Asked by the prosecutor Stewart whether he ever mishandled a weapon, Bills said no. But 13 photographs presented by Nelson's defense suggest otherwise. The judge warned Bills that he had the right to remain silent rather than risk incriminating himself, but the Marine went on to describe each photo anyway.
"It's me holding a knife above one of my fellow lance corporals," Bills said of the first picture. That Marine, Lance Cpl. Emerson Boutin, appears to be asleep as Bills holds the knife about 2 feet from his face, Bills said. Spencer Hamer, the corpsman, pleaded guilty to playing Trust on Boutin as well.
The next image, Bills said, shows him naked, except for a pair of boots, and holding a loaded M4 over his groin. Another shows a corporal holding a pistol to Bills' head, he testified. The photos were taken in the same hooch where Malone was shot, he said. It's unclear who took the photos.
Nor is it clear what charges, if any, Bills could face. The judge told him to return to his normal duties.
So why, Stewart asked Bills, did he think it OK to pose as he had in the photographs?
"Nobody said it wasn't," Bills said.
Throughout the trial, Daugherty was incredulous at the Marines' nonchalance with their weapons.
"You understand the business end of a 9mm is a threat. How come none of them ever shot you or put you down?" the judge asked Nelson.
"There was no malice behind it," Nelson answered.
The corpsman's 9mm
Hamer expressed similar sentiments Sept. 9 during his special court-martial, where the 23-year-old pleaded guilty to reckless endangerment for pointing his pistol at Boutin, who received nonjudicial punishment earlier this year for playing the game, sometime in November. Apart from two months in the brig, Hamer was busted to hospitalman.
"I guess I wanted to break up the monotony," he testified. "I had some problems fitting in with the guys. I got the crazy notion in my head, ‘Why don't I do this?' It was wrong on so many levels."
Hamer and Boutin testified that another Marine, Sgt. Michael Singles, pointed his weapon at Boutin just moments before Hamer did. Singles, 26, is awaiting his Article 32 on charges of reckless endangerment and dereliction of duty. He did not testify at either court-martial.
In July, Cpl. John McLellan was convicted of reckless endangerment and sentenced to two months in the brig and reduction to lance corporal.
Nelson sobbed as his father, Roy Nelson, took the stand and told the judge his son should be punished. Before the sentence was read, the Marine turned to Malone's family and apologized.
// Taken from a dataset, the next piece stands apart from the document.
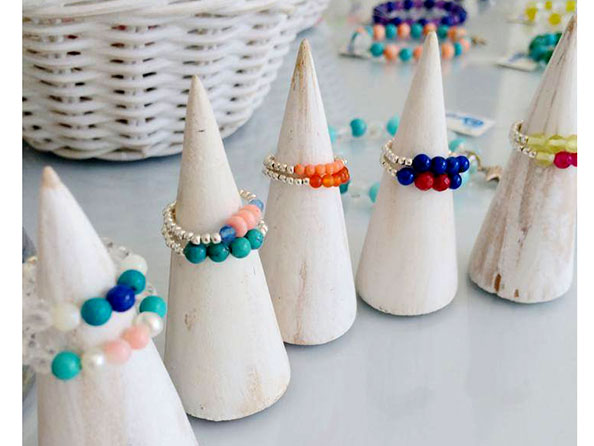 Ring holders made of wood in white washed finishing. Jewelry display ring stands from Bali Indonesia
"I'm sorry from the bottom of my heart for what I have done," Nelson said quietly, standing with his hands folded at his waist. "There's nothing I can say. There's nothing I can do. I just hope you can find it in your hearts to accept my apology."
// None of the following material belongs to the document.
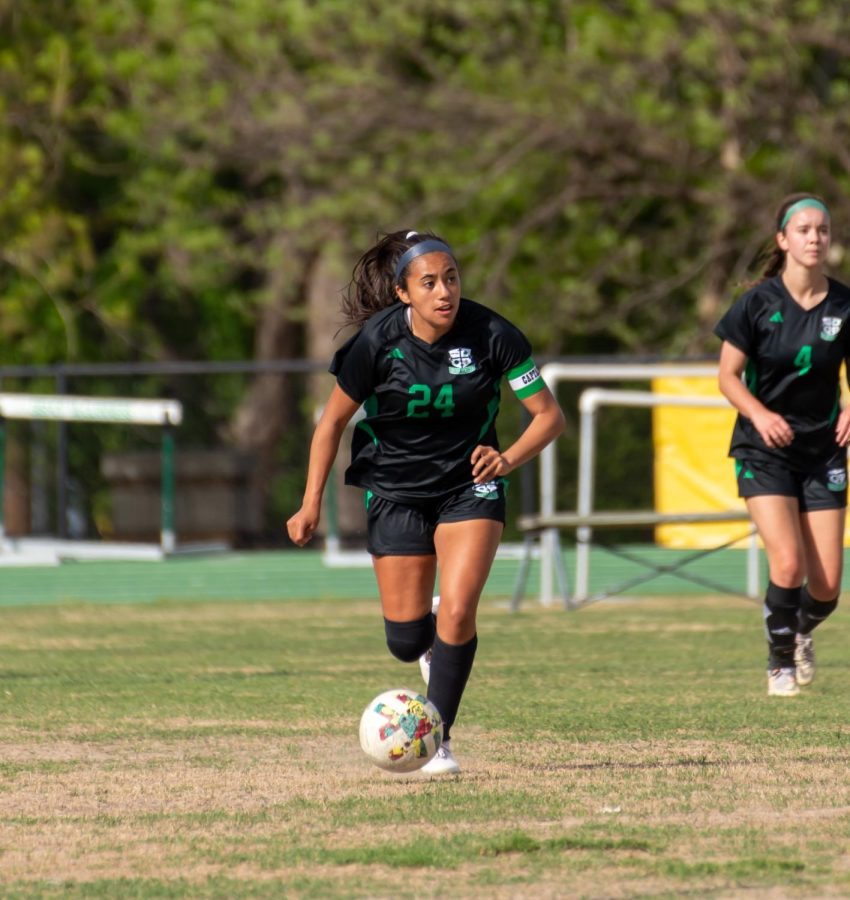 Senior Sabrina Guzman dribbles the ball up the field during the Guymon game. The Irish wins 8-0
Nelson told the court he wants to make a video to be used as a public service announcement, warning others about mishandling weapons and how he took the life of one of his Marines.
"What I've done is the most despicable act that someone can do," Nelson said. "It was just foolishness. What I thought was camaraderie was stupidness. I have two lives to live. I can't just live for myself. I have to live for Lance Corporal Malone. I need people to understand that this cannot happen again. It should not go on. Something needs to be done."
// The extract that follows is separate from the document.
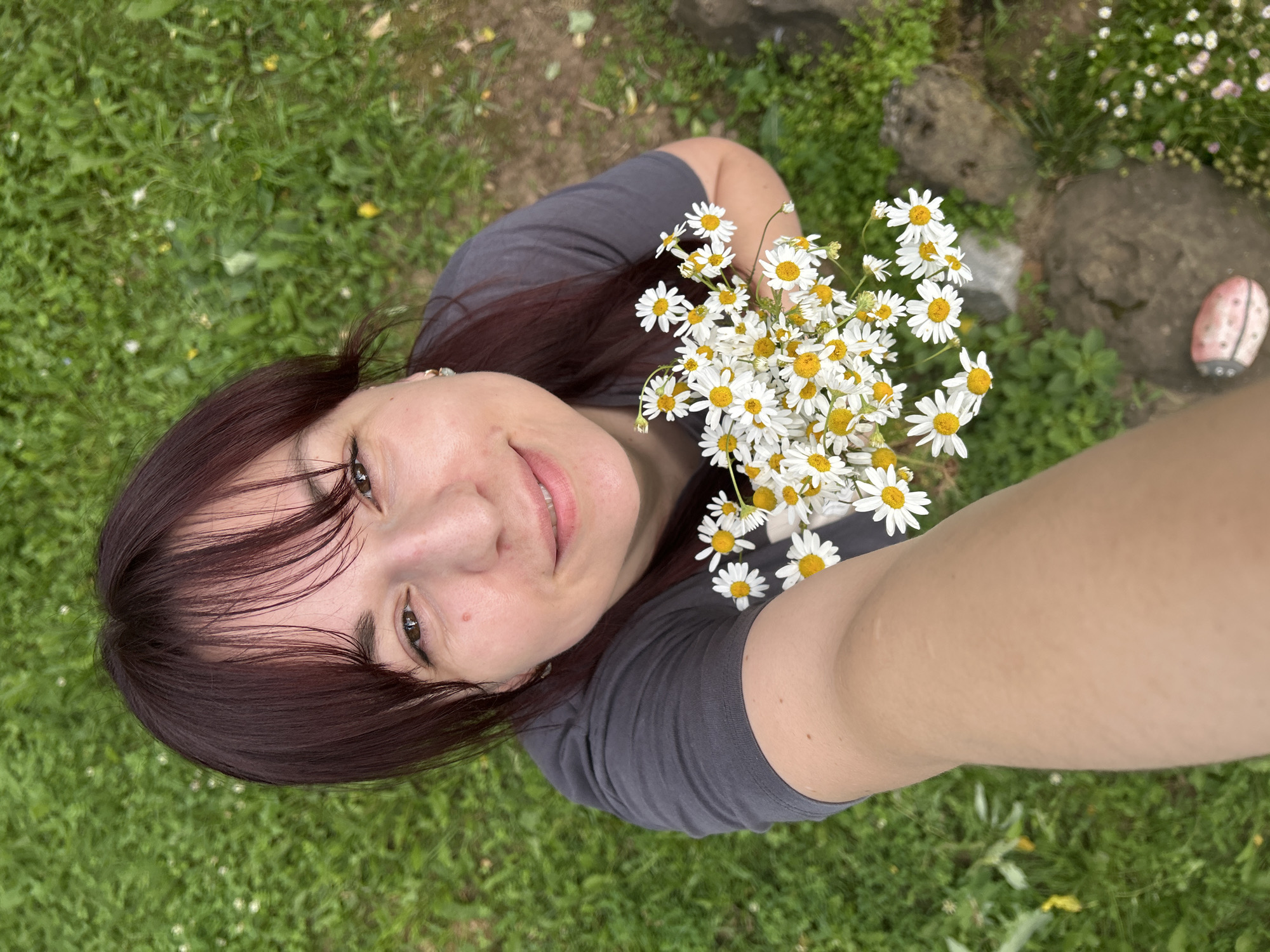 A woman is taking a selfie outdoors with a bouquet of daisies. She has dark hair and is wearing a gray t-shirt. The camera angle is from above, looking down at her face. She is smiling. In the background, there is green grass, some rocks, and a pink ladybug decoration. The scene suggests it is daytime and the weather is likely pleasant, suitable for being outdoors. The woman appears relaxed and happy. There is no visible text in the image. The location context provided is Фоки, Russia.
Malone's father, Damian Malone, agreed when he took the stand: "It has to be understood why they're playing this game."
Marine officials, however, have said they see no signs of a trend, according to a spokesman at Marine Corps headquarters.
Family members on both sides of the courtroom think that's a mistake.
After Nelson was sentenced, Damian Malone embraced Roy Nelson, father of the shooter.
"It's going to be all right," Malone told him.
He wants their two families to work together to raise awareness about the game and its horrific effects.
Damian Malone, meanwhile, is still wrestling with the tragedy. While he believes his son's case was handled well, he is determined to find out how prevalent Trust is across the military.
He is satisfied with this, however: "I know he didn't mean to kill my son."